The DSM-5 is expected to place obsessive-compulsive disorder and posttraumatic stress disorder into their own diagnostic categories, removing them from the family of anxiety disorders, according to Dr. Daniel S. Pine.
Setting trauma-related and obsessive-compulsive spectrum disorders off on their own makes sense because the "longitudinal outcomes, comorbidities, familial aggregations, and underlying biology" suggest the conditions are different from anxiety disorders, said Dr. Pine, chief of the section on development and affective neuroscience at the National Institute of Mental Health in Bethesda, Md.
This new approach also makes sense because the disorders that will be left in the anxiety category – generalized, social, separation, panic, and phobic anxieties – are pretty much treated the same way. "Nothing in the treatment literature suggests we should approach any of these [problems] differently from any of the others," Dr. Pine said at a psychopharmacology update sponsored by the American Academy of Child and Adolescent Psychiatry.
Overall, such problems "are incredibly common [in children]. One in three will, some time in their adolescence, have an anxiety disorder." They go away in most, but the minority in whom they persist "account for the majority of chronic mood and anxiety disorders" in adults, he said.
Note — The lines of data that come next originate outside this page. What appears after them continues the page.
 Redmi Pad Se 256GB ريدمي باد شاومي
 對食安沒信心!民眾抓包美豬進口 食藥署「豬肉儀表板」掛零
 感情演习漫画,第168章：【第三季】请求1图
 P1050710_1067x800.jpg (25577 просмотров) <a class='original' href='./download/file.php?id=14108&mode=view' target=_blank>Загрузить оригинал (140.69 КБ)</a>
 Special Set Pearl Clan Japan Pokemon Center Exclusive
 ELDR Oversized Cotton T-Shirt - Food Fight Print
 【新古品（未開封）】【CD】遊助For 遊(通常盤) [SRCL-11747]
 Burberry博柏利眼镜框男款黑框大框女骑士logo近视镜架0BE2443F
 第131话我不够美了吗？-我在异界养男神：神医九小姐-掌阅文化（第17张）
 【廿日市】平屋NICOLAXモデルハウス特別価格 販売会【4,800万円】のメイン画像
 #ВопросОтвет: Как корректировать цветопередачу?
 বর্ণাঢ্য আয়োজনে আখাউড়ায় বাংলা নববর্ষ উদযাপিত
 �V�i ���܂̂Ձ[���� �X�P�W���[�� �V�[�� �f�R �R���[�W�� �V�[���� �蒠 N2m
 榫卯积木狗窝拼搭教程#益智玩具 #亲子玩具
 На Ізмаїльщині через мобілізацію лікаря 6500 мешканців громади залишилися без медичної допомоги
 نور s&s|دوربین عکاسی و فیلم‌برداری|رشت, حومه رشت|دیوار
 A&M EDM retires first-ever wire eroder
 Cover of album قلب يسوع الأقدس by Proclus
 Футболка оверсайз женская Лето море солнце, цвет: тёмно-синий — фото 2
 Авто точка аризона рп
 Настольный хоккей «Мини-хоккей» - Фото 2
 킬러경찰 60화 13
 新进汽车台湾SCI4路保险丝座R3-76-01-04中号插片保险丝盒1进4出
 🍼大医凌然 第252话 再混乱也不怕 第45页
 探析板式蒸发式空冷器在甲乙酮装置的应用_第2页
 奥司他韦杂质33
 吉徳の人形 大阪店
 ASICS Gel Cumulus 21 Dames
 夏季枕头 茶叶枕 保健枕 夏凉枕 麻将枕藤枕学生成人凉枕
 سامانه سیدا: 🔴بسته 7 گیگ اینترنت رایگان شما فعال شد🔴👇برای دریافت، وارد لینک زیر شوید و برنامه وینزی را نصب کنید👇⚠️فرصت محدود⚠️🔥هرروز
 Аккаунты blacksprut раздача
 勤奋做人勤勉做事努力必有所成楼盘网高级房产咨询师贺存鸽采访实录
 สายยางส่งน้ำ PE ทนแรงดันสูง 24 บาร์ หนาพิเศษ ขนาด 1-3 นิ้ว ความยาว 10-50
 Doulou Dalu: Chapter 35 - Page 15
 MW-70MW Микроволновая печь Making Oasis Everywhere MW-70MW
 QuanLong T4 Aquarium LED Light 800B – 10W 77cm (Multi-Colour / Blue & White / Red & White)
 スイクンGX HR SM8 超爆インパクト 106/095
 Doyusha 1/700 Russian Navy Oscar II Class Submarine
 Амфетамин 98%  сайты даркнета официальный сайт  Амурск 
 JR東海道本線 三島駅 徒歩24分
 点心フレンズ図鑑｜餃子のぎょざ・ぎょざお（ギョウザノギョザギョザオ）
It’s probably the same for "substance abuse, conduct problems, personality disorders, eating disorders, mood disorders," and other problems. Children who don’t overcome those issues are the "precursors for adults who have a problem," Dr. Pine said.
"The hope of neuroscience is that it will give us better clues about" which anxious children will progress, he said. "We’re very bad at predicting that right now." Children who are worse seem to do worse over time, but beyond that, gender, age, type of anxiety disorder, and other factors do not seem to predict persistence into adulthood, he said.
As with adults, selective serotonin reuptake inhibitors (SSRIs) "are extremely good" for treating anxiety in children, and "there’s particularly good" evidence for fluvoxamine, fluoxetine, paroxetine, and sertraline. Across studies, the number needed to treat is about three, which is "about as good a treatment as we can get," he said, noting that SSRIs are "much better treatments" for anxiety than for depression (J. Am. Acad. Child Adolesc. Psychiatry 2003;42:415-23).
But because anxiety disorders are transient in most children and the effect of SSRIs on developing brains is unknown, children "deserve a trial off medication" after a year of treatment, he said.
There’s also "very good evidence" that cognitive-behavioral therapy (CBT) helps anxiety, too, though it might be a bit slower than SSRIs. Combining the two also is a possibility. In one 12-week study (N. Engl. J. Med. 2008;359:2753-66), it was clear that combination treatment was the best, Dr. Pine said.
Despite the value of treating anxiety with SSRIs, it is important to remain vigilant of the increased risk of suicidal ideations and attempts that accompany use of these medications in children and adolescents. "You really are obliged to spend a fair amount of time reviewing with parents the nature of that risk," he said.
Dr. Pine said that he had no financial disclosures.